Molecular markers are an important tool for crop improvement. Using the SSRFinder set of Perl scripts [44] and the AutoSNP package [45], we designed 1391 Simple Sequence Repeats (SSR) and 2356 Single Nucleotide Polymorphism (SNP) markers for 1725 of the 10577 captured transcripts; these markers were stored in a relational database where they were linked to the functional annotation of the sequences. After this process we got either a SNP or a SSR marker for 7 of the 22 cassava transcripts identified as enzymes in the starch and sucrose metabolism pathway, these enzymes include SS, starch phosphorylase (2.4.1.1), sucrose phosphate synthase (2.4.1.14) and UDP-glucose 6-dehydrogenase (1.1.1.22), which are enzymes known to have an effect on starch production [46, 47]. Of the remaining 1718 genes associated with molecular markers, 563 were inside genes included in 85 different pathways.
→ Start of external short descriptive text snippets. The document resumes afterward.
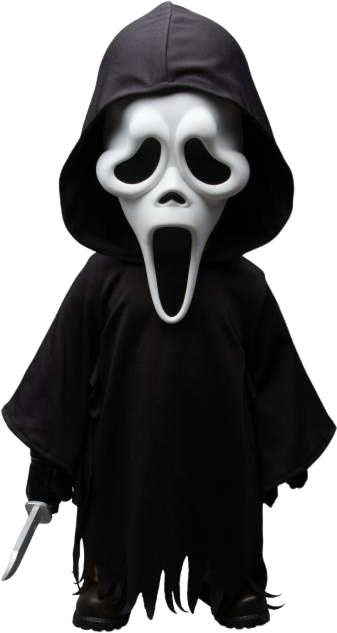 Ghostface PNG Image
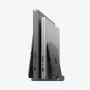 Suporte vertical para portátil SPIGEN LD208S4 cinzento sideral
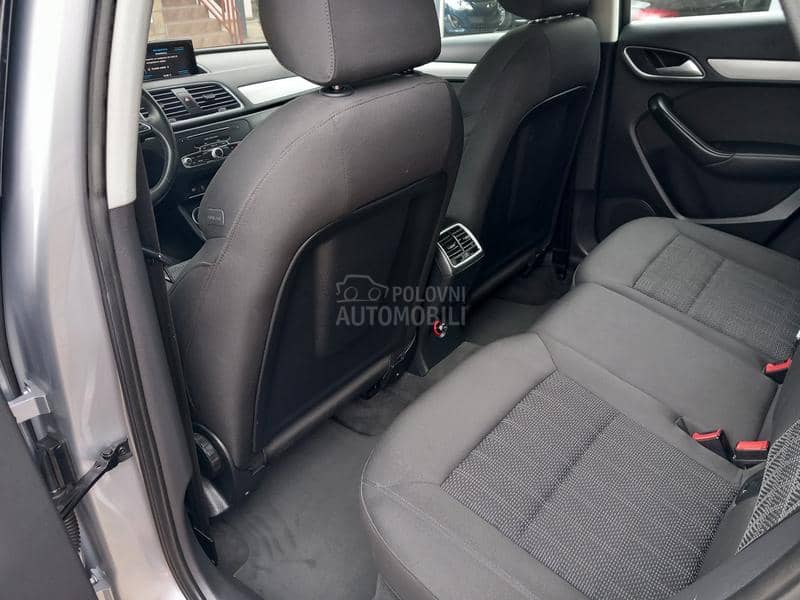 Audi Q3 2.0TDI  S-LINE SPORT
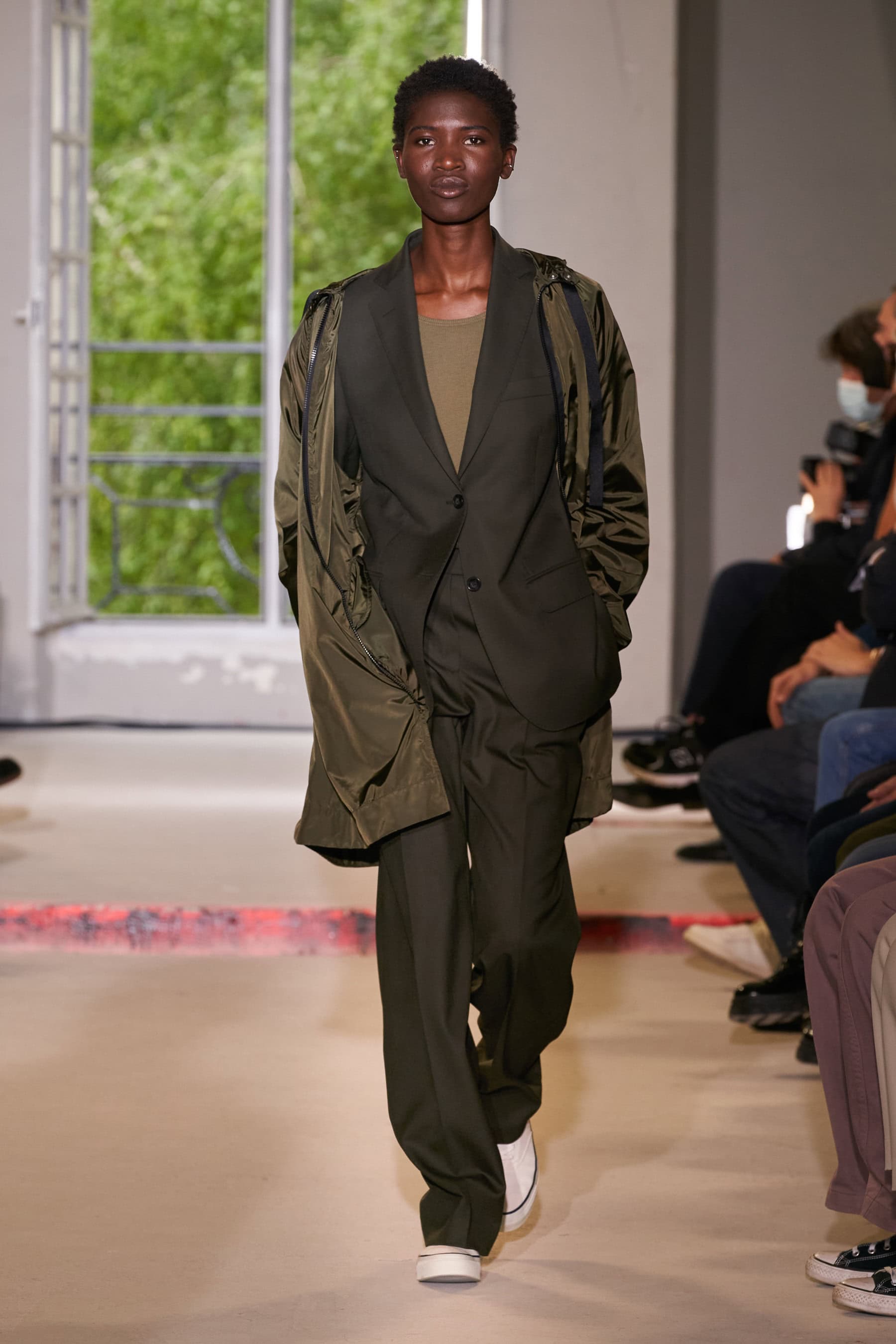 Officine Generale Spring 2022 Men's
To recognize stress inducible genes in this remarkably tolerant crop, we compared our sequences to the collection of drought and cold induced genes identified with the RIKEN Arabidopsis full length (RAFL) cDNA microarray [33]. Table 4 shows genes from that experiment with significant hits in our library; for 44 stress-induced genes in Arabidopsis, we captured 181 cassava transcripts showing significant sequence similarity (e-value < 1e-10) to 32 of them. Those genes for which we found more cassava transcripts include enzymes in the following categories: Aquaporins, endoxyloglucan transferases, beta-glucosidases, thiol proteases, heat shock proteins (HSPs), ascorbate peroxidases, thioredoxins, ethylene responsive element binding (EREB)/AP2-like proteins and catalases.

Table 4 Arabidopsis stress-induced genes identified by the RAFL microarray [33] captured in the cassava full-length library.

Gene correspondence and in-paralog (co-ortholog) detection

In the following sections the term ortholog will be used to designate sequences that are derived from a single ancestral gene in the last common ancestor of the species that are being compared [35]. This definition allows for cases were a single copy of a gene exists in each of these genomes (one-to-one orthologs) and cases where recent gene duplication has occurred and two or more genes in one species are orthologs with a single gene in another. In the later case, genes produced by gene duplication after a speciation event are called in-paralogs and they are co-orthologs of the corresponding gene in other species.

It is not our objective to provide a full classification of the transcripts captured in the full-length library into orthologs and paralogs, but to make use of the methods available to describe some interesting features of this collection of genes. First we use blast to designate pairs of genes that are reciprocal best hits (RBHs) when cassava transcripts are compared to those of other species. With this approach, RBHs are interpreted as potential one-to-one orthologs whereas co-orthologs are ignored; this way we are able to look for GO terms overrepresented in the set of sequences that remain unpaired (including possible gene duplications and alternative transcripts) as a means to recognize functional categories that are particularly frequent in the annotation of cassava transcripts. Second, we use blast to identify putative in-paralogs from a set of sequences from which alternative transcripts have been removed; this way we can produce a list of potential recent gene duplications for further analysis.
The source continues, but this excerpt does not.